IN THE ARIZONA COURT OF APPEALS DIVISION ONE
IN RE TERMINATION OF PARENTAL RIGHTS AS TO E.P. and H.Z.
No. 1 CA-JV 25-0049 FILED 01-22-2026
Appeal from the Superior Court in Maricopa County No. JD534970 The Honorable Jay M. Polk, Judge
AFFIRMED
COUNSEL
Maricopa County Office of the Public Advocate, Mesa By Seth Draper Counsel for Appellant
Arizona Attorney General’s Office, Mesa By Ingeet Pandya Counsel for Appellee
MEMORANDUM DECISION
Presiding Judge Angela K. Paton delivered the decision of the Court, in which Judge Daniel J. Kiley and Judge Brian Y. Furuya joined.
P A T O N, Judge: IN RE TERM OF PARENTAL RIGHTS AS TO E.P. and H.Z. Decision of the Court
¶1 Vanita M. (“Mother”) appeals the juvenile court’s order terminating her parental rights to two of her children. For the following reasons, we affirm.
FACTS AND PROCEDURAL HISTORY
¶2 We view the facts in the light most favorable to upholding the juvenile court’s termination order. See Michael J. v. Ariz. Dep’t of Econ. Sec., 196 Ariz. 246, 250, ¶ 20 (2000).
¶3 Mother has four children, two of whom are parties to this appeal: H.Z., born in April 2016, and E.P., born in March 2022. Mother has a long history of substance abuse spanning nearly two decades. She used fentanyl while pregnant with E.P., and E.P. was born exhibiting withdrawal symptoms from substance exposure.
¶4 H.Z. and E.P. came into the Department of Child Safety’s (“DCS”) care after Mother was hospitalized for overdosing on fentanyl in August 2022. That same month, DCS filed a dependency petition, alleging the children were dependent as to Mother due to her substance abuse. DCS placed H.Z. and E.P. in temporary custody with two adults who had an established relationship with the children prior to the case. H.Z. was later moved from her initial placement to the care of Mother’s ex-boyfriend, whom H.Z. has known since she was one year old, and who has served as her “psychological” father.

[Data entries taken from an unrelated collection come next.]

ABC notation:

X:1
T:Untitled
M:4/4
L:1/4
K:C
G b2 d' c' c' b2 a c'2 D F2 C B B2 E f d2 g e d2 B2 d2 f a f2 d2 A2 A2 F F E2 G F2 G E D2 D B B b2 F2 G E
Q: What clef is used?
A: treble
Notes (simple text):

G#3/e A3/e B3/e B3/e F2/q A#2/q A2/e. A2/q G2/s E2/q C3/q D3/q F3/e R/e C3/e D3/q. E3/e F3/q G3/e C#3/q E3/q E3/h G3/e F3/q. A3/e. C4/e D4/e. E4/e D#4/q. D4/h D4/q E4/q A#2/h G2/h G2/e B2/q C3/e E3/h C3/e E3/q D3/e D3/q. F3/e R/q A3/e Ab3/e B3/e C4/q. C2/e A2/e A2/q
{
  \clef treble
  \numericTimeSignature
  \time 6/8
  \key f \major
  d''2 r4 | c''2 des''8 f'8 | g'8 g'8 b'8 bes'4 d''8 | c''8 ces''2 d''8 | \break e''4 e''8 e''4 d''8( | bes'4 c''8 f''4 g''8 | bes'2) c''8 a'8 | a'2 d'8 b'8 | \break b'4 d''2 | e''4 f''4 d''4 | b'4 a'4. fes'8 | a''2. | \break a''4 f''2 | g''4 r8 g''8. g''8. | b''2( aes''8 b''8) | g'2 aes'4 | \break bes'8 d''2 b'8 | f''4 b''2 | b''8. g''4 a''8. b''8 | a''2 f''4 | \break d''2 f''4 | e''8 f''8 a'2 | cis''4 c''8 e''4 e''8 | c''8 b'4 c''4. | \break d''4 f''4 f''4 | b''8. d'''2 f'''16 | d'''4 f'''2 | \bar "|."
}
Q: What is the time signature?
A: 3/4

¶5 The juvenile court found H.Z. and E.P. dependent as to Mother in February 2023. In April 2024, DCS petitioned to terminate Mother’s parental rights as to H.Z. and E.P. based on chronic substance abuse and fifteen month out-of-home placement grounds. DCS petitioned to terminate Jeremy P.’s (E.P.’s father) and Brian Z.’s (H.Z.’s father) parental rights as well. 1
¶6 At the five-day termination trial in December 2024 and February 2025, Mother testified about her nearly twenty-year substance
1 Although Brian Z.’s parental rights to H.Z. were terminated, he is not a
party to this appeal. Jeremy P.’s rights were not terminated—he had a pending termination petition at the time of this hearing that had been continued after the court determined he was making good progress towards reunification after his release from incarceration; he is not a party to this appeal.
2 IN RE TERM OF PARENTAL RIGHTS AS TO E.P. and H.Z. Decision of the Court
abuse history. She made excuses regarding her substance abuse issues throughout most of the dependency period.
¶7 The evidence showed that Mother joined a sober living treatment program in July 2024 but was discharged less than a month later, after being hospitalized and deemed beyond their care level. She was hospitalized again a month later due to a suspected overdose and admitted to using methamphetamine. Mother then entered four different treatment programs, completed none of them, and was asked to leave several programs due to noncompliance or behavioral issues. Additionally, between August 2022 and October 2024, Mother failed to appear for a considerable number of drug tests. Of the tests she participated in, many yielded positive results for controlled substances, and several were problematic samples based on Mother’s suspected tampering with them, including an occasion where Mother was found with a testing device.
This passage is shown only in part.